Thread: Linux I/O tuning: CFQ vs. deadline

From:
Greg Smith
Date:

Recently I've made a number of unsubstantiated claims that the deadline
scheduler on Linux does bad things compared to CFQ when running
real-world mixed I/O database tests.  Unfortunately every time I do one
of these I end up unable to release the results due to client
confidentiality issues.  However, I do keep an eye out for people who
run into the same issues in public benchmarks, and I just found one:
http://insights.oetiker.ch/linux/fsopbench/

The problem analyzed in the "Deadline considered harmful" section looks
exactly like what I run into:  deadline just does some bad things when
the I/O workload gets complicated.  And the conclusion reached there,
"the deadline scheduler did not have advantages in any of our test
cases", has been my conclusion for every round of pgbench-based testing
I've done too.  In that case, the specific issue is that reads get
blocked badly when checkpoint writes are doing heavier work; you can see
the read I/O numbers reported by "vmstat 1" go completely to zero for a
second or more when it happens.  That can happen with CFQ, too, but it
consistently seems more likely to occur with deadline.

--
Greg Smith    2ndQuadrant   Baltimore, MD
PostgreSQL Training, Services and Support
  www.2ndQuadrant.com


From:
"Albe Laurenz"
Date:

Greg Smith wrote:
> Recently I've made a number of unsubstantiated claims that the deadline
> scheduler on Linux does bad things compared to CFQ when running
> real-world mixed I/O database tests.  Unfortunately every time I do one
> of these I end up unable to release the results due to client
> confidentiality issues.  However, I do keep an eye out for people who
> run into the same issues in public benchmarks, and I just found one:
> http://insights.oetiker.ch/linux/fsopbench/

That is interesting; particularly since I have made one quite different
experience in which deadline outperformed CFQ by a factor of approximately 4.
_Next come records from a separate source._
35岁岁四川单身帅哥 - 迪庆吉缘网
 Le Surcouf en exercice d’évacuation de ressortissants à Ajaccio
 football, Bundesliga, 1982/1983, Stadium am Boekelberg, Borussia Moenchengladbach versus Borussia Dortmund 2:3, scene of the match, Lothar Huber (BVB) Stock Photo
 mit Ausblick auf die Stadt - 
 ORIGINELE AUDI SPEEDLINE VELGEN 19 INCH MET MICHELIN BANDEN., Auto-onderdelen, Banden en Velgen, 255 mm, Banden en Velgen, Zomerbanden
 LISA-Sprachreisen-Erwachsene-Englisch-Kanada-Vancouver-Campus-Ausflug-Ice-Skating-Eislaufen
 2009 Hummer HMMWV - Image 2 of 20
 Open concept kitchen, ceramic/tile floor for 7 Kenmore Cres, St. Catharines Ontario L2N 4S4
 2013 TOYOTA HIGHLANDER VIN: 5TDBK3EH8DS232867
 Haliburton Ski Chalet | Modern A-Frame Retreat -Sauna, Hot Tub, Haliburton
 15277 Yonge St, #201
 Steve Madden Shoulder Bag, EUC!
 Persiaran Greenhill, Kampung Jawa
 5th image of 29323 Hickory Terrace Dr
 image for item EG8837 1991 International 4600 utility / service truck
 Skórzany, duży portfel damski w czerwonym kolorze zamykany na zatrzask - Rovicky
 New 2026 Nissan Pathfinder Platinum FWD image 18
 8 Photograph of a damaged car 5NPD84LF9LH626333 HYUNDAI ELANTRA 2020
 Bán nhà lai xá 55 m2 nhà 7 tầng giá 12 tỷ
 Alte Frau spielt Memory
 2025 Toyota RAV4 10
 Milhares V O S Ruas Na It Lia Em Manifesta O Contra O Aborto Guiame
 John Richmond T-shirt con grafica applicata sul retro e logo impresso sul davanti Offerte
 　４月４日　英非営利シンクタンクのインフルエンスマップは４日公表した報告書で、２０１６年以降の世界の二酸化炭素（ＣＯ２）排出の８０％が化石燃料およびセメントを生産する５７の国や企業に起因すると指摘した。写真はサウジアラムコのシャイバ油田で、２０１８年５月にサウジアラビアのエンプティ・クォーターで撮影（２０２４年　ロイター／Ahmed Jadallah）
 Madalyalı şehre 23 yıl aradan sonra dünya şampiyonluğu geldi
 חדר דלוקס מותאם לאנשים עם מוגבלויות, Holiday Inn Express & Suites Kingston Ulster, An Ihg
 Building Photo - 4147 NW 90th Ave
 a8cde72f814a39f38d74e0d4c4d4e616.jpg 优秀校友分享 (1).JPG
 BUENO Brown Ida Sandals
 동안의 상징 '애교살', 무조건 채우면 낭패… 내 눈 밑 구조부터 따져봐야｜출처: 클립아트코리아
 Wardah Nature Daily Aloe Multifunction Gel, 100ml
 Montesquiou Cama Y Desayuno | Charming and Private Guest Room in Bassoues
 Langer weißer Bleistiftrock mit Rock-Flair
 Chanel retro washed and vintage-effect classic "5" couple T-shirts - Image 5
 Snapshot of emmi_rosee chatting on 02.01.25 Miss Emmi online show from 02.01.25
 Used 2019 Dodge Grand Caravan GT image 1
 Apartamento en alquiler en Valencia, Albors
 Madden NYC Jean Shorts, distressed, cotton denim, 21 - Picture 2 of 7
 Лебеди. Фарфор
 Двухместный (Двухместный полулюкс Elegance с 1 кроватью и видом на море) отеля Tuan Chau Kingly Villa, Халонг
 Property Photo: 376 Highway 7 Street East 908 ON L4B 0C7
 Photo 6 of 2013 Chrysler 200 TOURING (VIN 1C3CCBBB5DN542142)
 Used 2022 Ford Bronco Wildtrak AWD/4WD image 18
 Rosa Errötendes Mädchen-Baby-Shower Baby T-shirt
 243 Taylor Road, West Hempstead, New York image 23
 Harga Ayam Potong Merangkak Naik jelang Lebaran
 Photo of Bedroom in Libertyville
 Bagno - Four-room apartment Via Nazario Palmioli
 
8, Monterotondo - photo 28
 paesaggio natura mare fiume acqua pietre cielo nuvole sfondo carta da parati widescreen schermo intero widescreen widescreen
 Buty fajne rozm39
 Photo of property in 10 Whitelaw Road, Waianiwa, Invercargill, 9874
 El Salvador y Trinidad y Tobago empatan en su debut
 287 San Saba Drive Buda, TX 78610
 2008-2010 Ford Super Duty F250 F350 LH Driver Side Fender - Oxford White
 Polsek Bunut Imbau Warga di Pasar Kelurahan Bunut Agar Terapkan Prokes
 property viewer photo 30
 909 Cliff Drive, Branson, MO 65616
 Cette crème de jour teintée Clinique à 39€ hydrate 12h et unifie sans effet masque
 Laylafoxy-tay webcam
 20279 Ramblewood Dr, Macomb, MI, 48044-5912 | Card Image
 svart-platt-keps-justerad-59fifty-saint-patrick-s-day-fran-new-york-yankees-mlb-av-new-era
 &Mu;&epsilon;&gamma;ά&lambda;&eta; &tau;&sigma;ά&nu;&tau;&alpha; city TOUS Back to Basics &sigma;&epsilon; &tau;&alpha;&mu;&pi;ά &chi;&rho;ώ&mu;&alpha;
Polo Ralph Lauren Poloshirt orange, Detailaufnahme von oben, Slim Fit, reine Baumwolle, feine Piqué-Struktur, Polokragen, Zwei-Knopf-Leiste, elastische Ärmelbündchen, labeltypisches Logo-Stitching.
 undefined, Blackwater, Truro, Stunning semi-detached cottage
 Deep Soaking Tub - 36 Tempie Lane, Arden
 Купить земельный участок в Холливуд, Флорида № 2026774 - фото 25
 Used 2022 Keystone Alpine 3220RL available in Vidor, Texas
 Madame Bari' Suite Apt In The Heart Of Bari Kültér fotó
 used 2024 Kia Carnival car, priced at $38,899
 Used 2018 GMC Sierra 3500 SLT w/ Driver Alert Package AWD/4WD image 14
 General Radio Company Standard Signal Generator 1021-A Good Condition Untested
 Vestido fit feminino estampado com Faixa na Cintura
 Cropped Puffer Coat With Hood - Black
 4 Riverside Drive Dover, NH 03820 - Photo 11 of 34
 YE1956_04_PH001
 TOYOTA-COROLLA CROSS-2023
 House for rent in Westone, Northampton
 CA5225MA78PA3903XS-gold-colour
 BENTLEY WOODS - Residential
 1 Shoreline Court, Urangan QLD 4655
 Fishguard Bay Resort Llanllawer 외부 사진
So I tried to look for differences, and I found two possible places:
- My test case was read-only, our production system is read-mostly.
- We did not have a RAID array, but a SAN box (with RAID inside).

The "noop" scheduler performed about as well as "deadline".
I wonder if the two differences above could explain the different
result.

Yours,
Laurenz Albe

From:
"Kevin Grittner"
Date:

"Albe Laurenz" <> wrote:
> Greg Smith wrote:

>> http://insights.oetiker.ch/linux/fsopbench/
>
> That is interesting; particularly since I have made one quite
> different experience in which deadline outperformed CFQ by a
> factor of approximately 4.

I haven't benchmarked it per se, but when we started using
PostgreSQL on Linux, the benchmarks and posts I could find
recommended deadline=elevator, so we went with that, and when the
setting was missed on a machine it was generally found fairly
quickly because people complained that the machine wasn't performing
to expectations; changing this to deadline corrected the problem.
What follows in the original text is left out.